To come to a saving faith in Christ, one must be convicted in his heart of “how great my sin and misery are” (Heidelberg Catechism, LD 2).
But in order for the Gospel to begin to change anything in our secular culture, I suggest that Christians must find ways to convince others of how great our sin and misery are.
I was reminded of this as I watched this sparring match from April between comedian and atheist Bill Maher and Catholic author Russ Douthat. In response to Maher’s criticisms (to put it lightly) of Christianity, Douthat argued that one’s view of human nature largely determines how one interprets religious teaching. Maher retorts that “to have a normal person commit a horrible act almost never happens without religion.”
Maher’s causal point about religion, of course, is itself a non-starter—religion being “a set of beliefs concerning the cause, nature, and purpose of the universe.” We are all by nature religious creatures; being human means forming such beliefs.
Maher believes humans are naturally good, and spoiled by religion. The gravest consequence of this widespread point of view, according to C.S. Lewis, is that God’s Word gets muted: “It is after you have realized that there is a real Moral Law, and a Power behind the law, and that you have broken that law . . . and not a moment sooner, that Christianity begins to talk,” Lewis writes.
Our innate depravity would seem an easy assertion to prove. History presents more evidence of humanity’s depravity than one could possibly study in a lifetime. The brokenness around us today confirms it. Each of us is a living illustration of its truth. However, “human depravity is at once the most empirically verifiable reality,” Malcolm Muggeridge observed, “and at the same time the most intellectually resisted.”

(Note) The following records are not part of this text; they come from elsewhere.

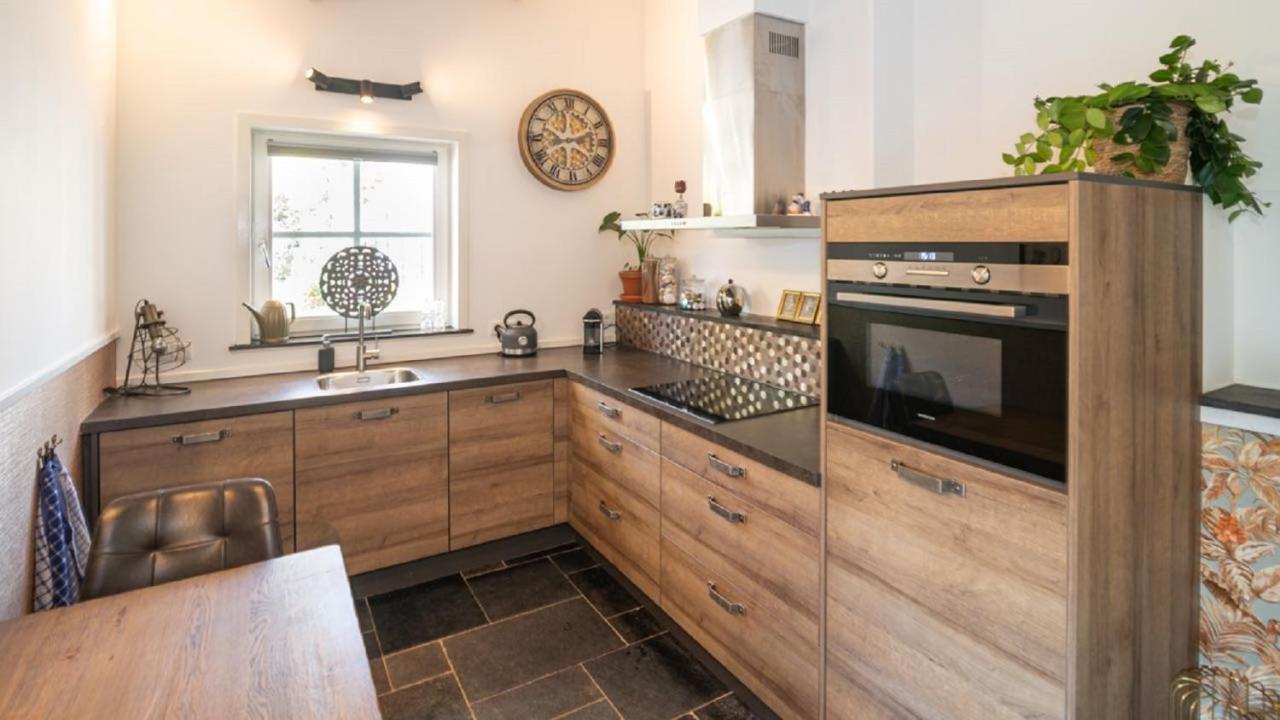 B&B Zilverstad Huisje De Veerpoort Схоонховен Екстериор снимка
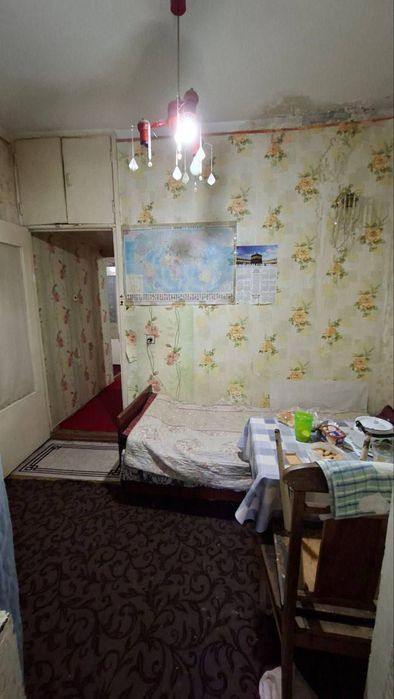 Ахмад Югнакий 1/2/5 балкон 2х6
1²/2/5 общ пл 46м² 
Балкон 2х6 не торец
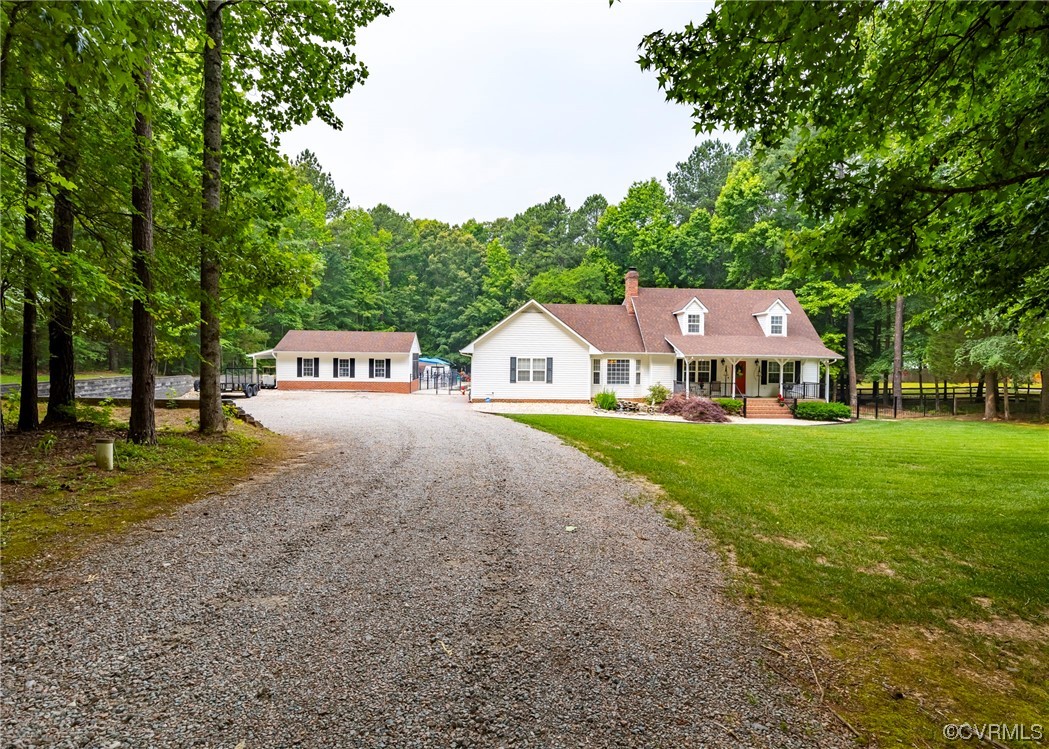 4387 Three Bridge Road Powhatan, VA 23139 - Photo 4 of 50 Gallery Image 4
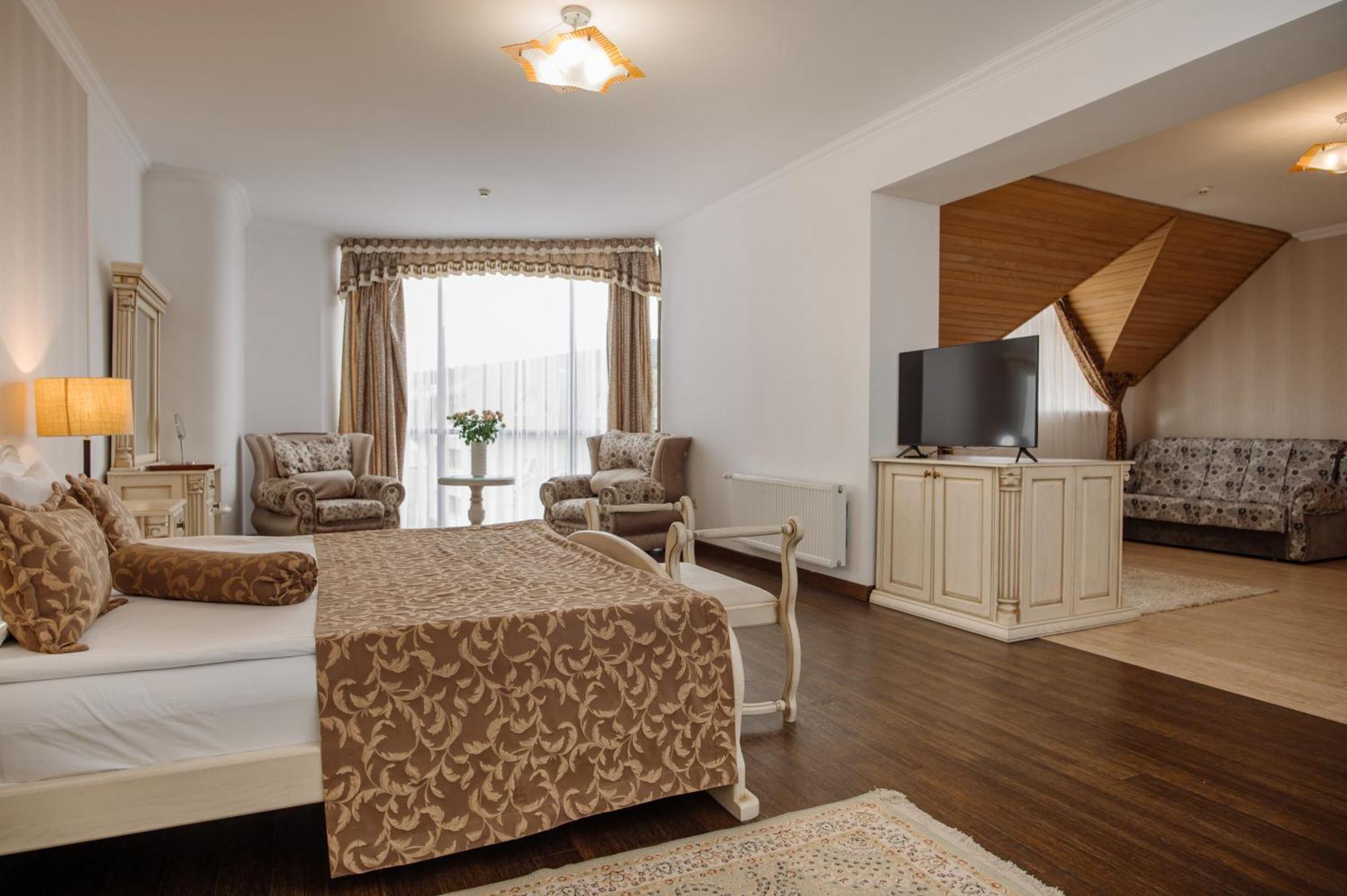 Hotel Dianna à Skhidnytsia Extérieur photo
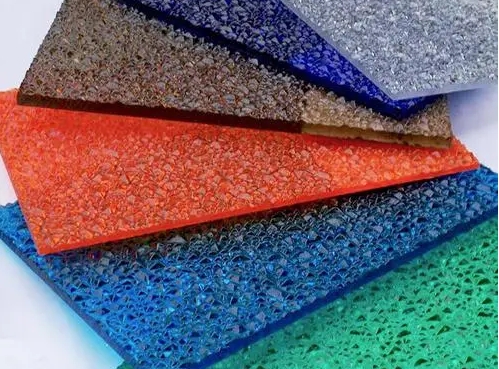 PC顆粒板安裝時(shí)的注意事項(xiàng)？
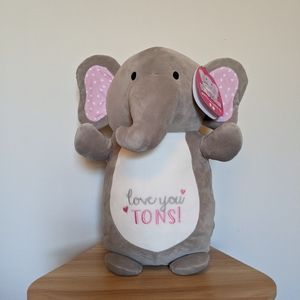 18" Eli the Elephant Hug Mees Squishmallow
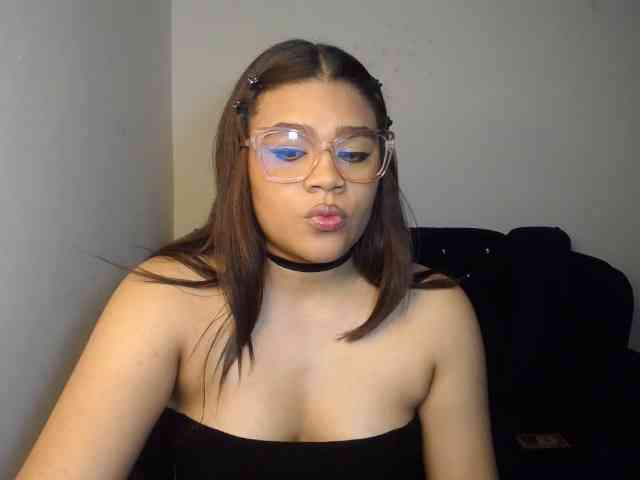 Issabella2002 webcam
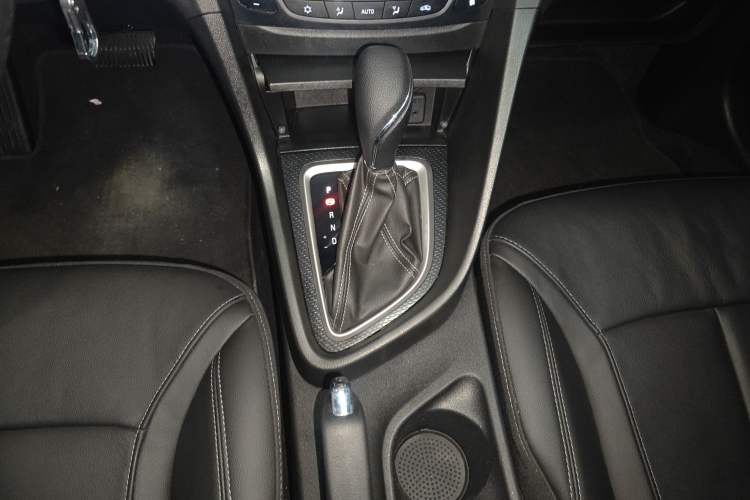 Used Buick GT 2019 15T Dual-Clutch Connected Elite Model China VI Gear Lever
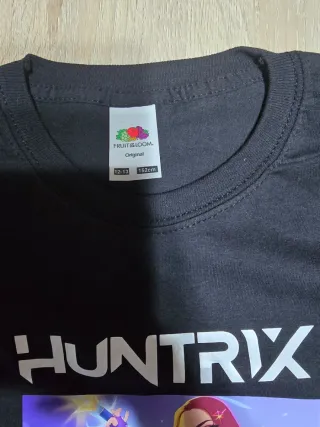 Camiseta y llavero Huntrix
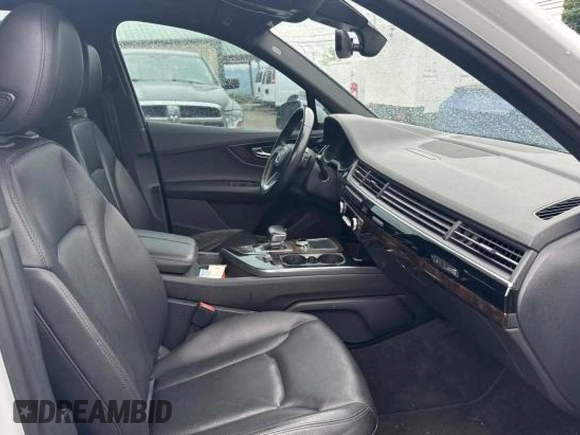 2017 Audi Q7 Premium Plus with VIN WA1LAAF73HD021296, listed as a Copart auction lot 55881465 with 140,164 mi miles and Clean Title. Bid and sale history available at DreamBid. Image 5.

Misery comes before faith, not the other way around. Careful thought on our part is required if we are to confront Maher’s arguments and those of so many others.
How great is our misery? First, a caution. Bearing witness to the reality of human sinfulness requires outright condemnation of neither individuals nor cultures. Certainly, some things deserve outright condemnation, but a posture of condemnation, as Andy Crouch explains, inevitably distorts our witness.
Explaining evil in ways our culture can understand is a necessary precursor, I believe, to explaining the hope that we have. “[T]he Christian religion is, in the long run, a thing of unspeakable comfort,” C.S. Lewis said. “But it does not begin in comfort,” he adds, “it begins in the dismay I have been describing.”
Why do Christians still sin? How could an omnipotent, good God tolerate evil and suffering? When apologetics are debated, these questions are never far away. Prominent atheist Christopher Hitchens even calls belief in vicarious atonement “immoral“.
Here I do not aim for specific rebuttals. Apologists throughout time have vigorously exposed the presuppositions and logical fallacies of atheist agitators like Hitchens and Maher. Rather, I speak pedagogically to believers.
When our neighbours are made to see that the evil and dismay all around them is not the result of some ideology that must be rejected, or some mental illness in a select few that needs curing, but rather the manifestation of the very same selfishness and corruption they feel in their own hearts, only then can we speak to them credibly of Christian hope.
Human depravity has implications for Christian study of and contribution to every field of thought. Our contribution to the arts cannot be all rosy-eyed, but must be prepared to countenance human suffering. In politics we are on guard against utopian ideologies of all varieties and able to understand the legitimate role of government in restraining evil, but also the corrupting power of sin on government itself. We are alert to the fact that wonderful advances in knowledge and capabilities in science and technology also have the potential to be used for great evil.
God’s justice, mercy, and love can have no significance for a culture that denies human sinfulness. If we truly love the world God made, we desire the hope of the Gospel to shine brightly in it. If we want others to see it, however, we need to have the courage to remove their blinders.